BEGIN
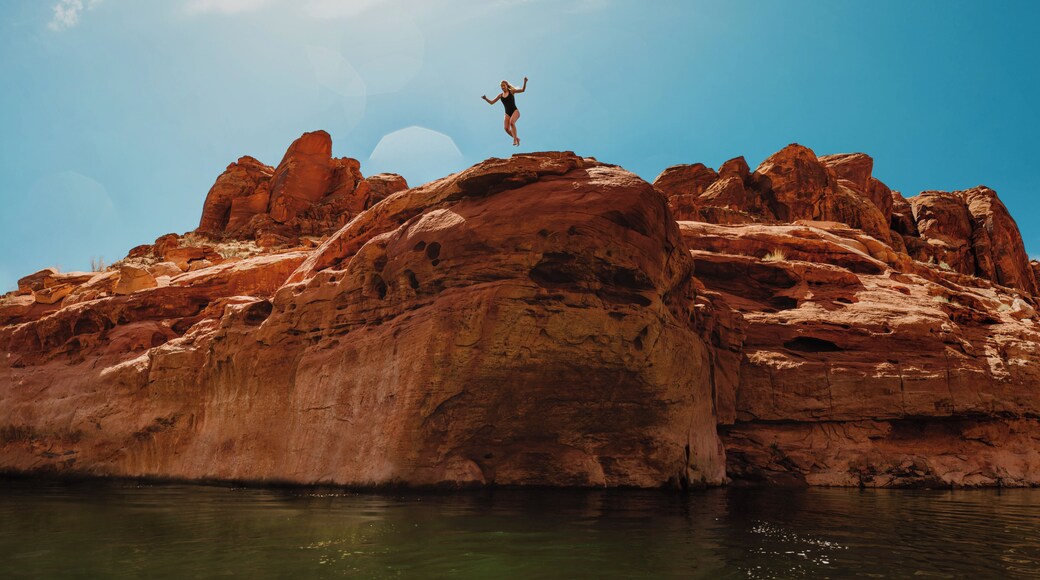 Nothing says adventure like facing your fears head on with an adventure buddy. I had already made the jump, and this is my friend, Brooke, taking the leap while I floated on a kayak below. It takes an adventurous spirit to see the stomach-dropping fear in front of you, and take the leap to overcome it.
Lake Powell is a great spot to find epic rock climbing and cliff jumping. Those who manage to complete the epic climb are rewarded with the thrill of an epic jump! But it is important to always take every precaution, and always check the depth of the water prior to jumping. We found this cliff a swim away from our campsite at Lake Powell. #adventure #cliffjumping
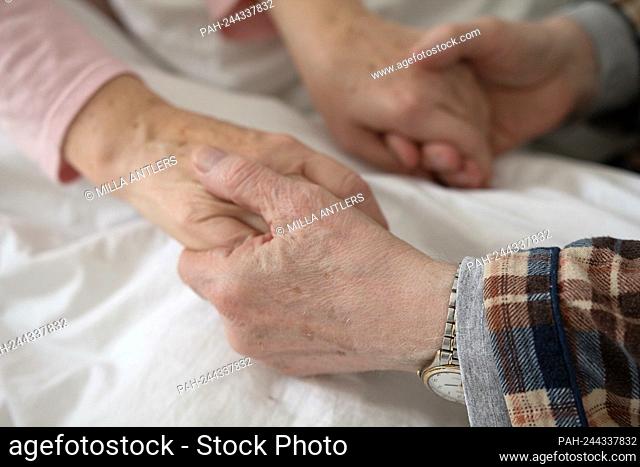 Aged man holding his wifes hands in bed on white bed sheet. Hands of old man with wrist watch holding old womans hands. || Model approval available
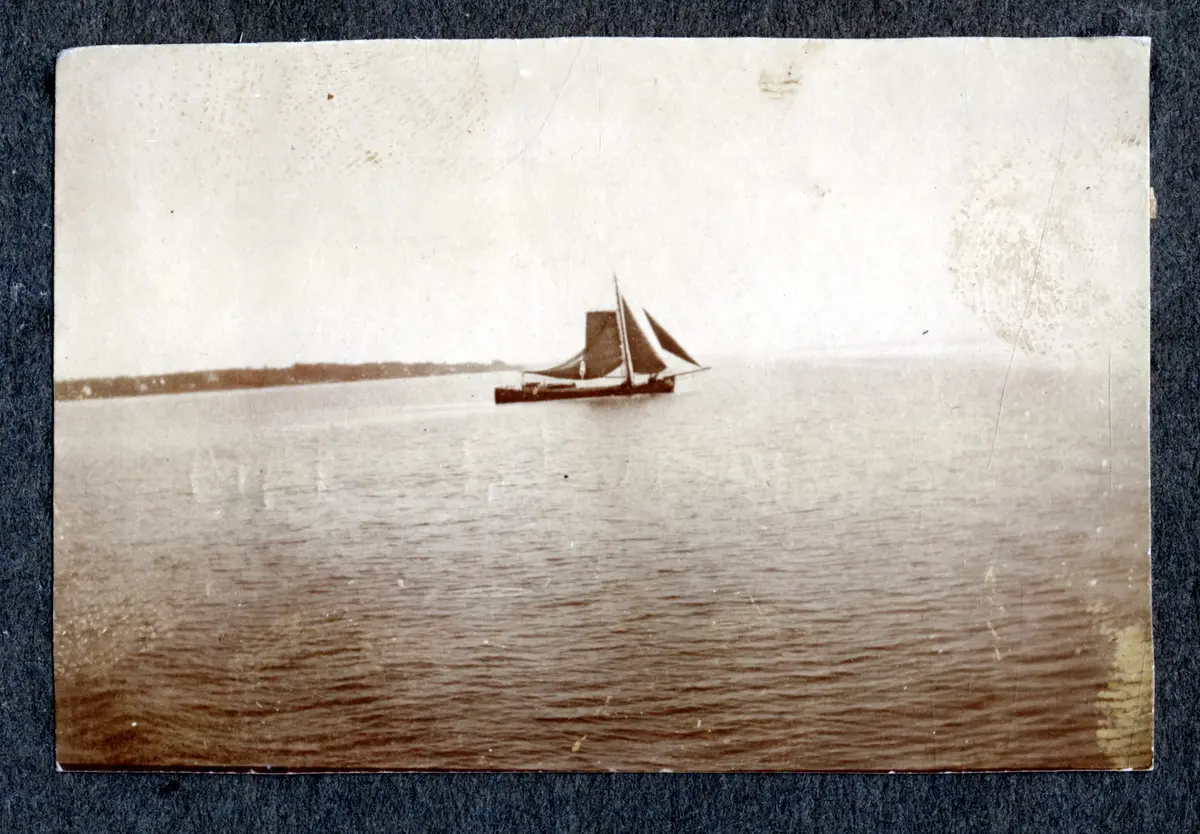 a) Vy över järnvägspår, dansk(?) bondgård och öppen mark

b) Från järnvägsvagnen: hus, ledningar och träd

c) Segelskuta i sund

d) Vy över kanal?

e) Skuldra, del av hatts baksida. Öppet vatten med segelbåt

f) Väg i bokskog

g) Sex unga män i hattar och rockar poserar på däck

h) Från Järnvägsvagnen: alléträd, ledningar och skjul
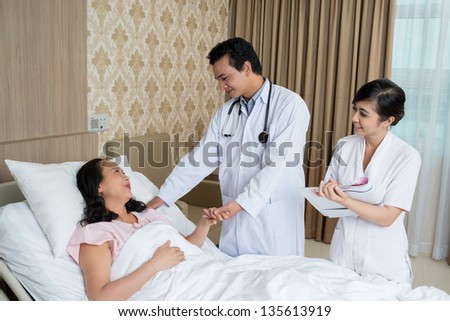 Image of doctors comforting his patient
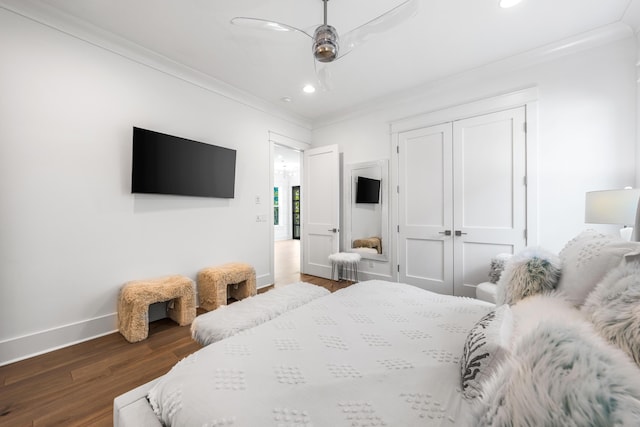 bedroom featuring dark hardwood / wood-style flooring, crown molding, ceiling fan, and a closet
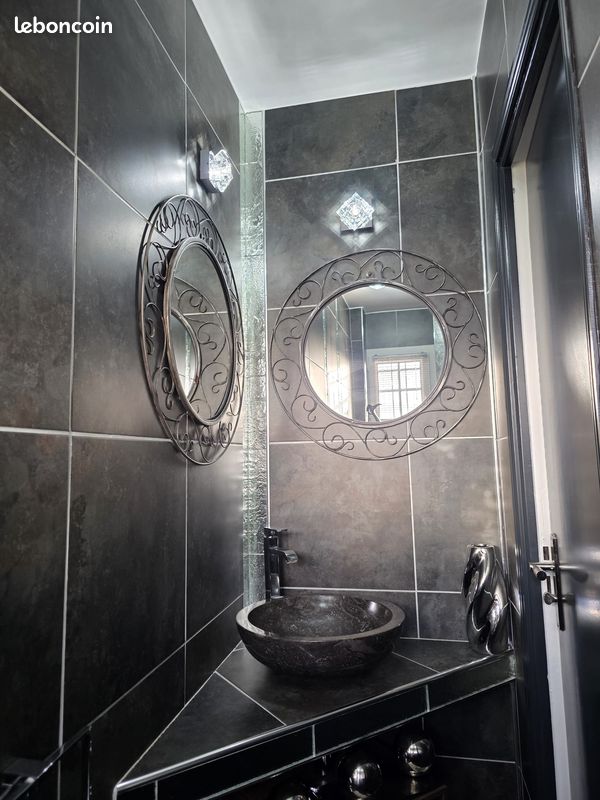 Lot 2 Miroirs métal noir gris - Diam. 68 cm dont 1 offert (image 1)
END
• [TASK TO COMPLETE]
Leaving pictures out, output the lines of the data above from the one with "Aged man holding" through the one with "c) Segelskuta i sund", word for word.

• [SOLUTION BELOW]
 Aged man holding his wifes hands in bed on white bed sheet. Hands of old man with wrist watch holding old womans hands. || Model approval available
 a) Vy över järnvägspår, dansk(?) bondgård och öppen mark

b) Från järnvägsvagnen: hus, ledningar och träd

c) Segelskuta i sund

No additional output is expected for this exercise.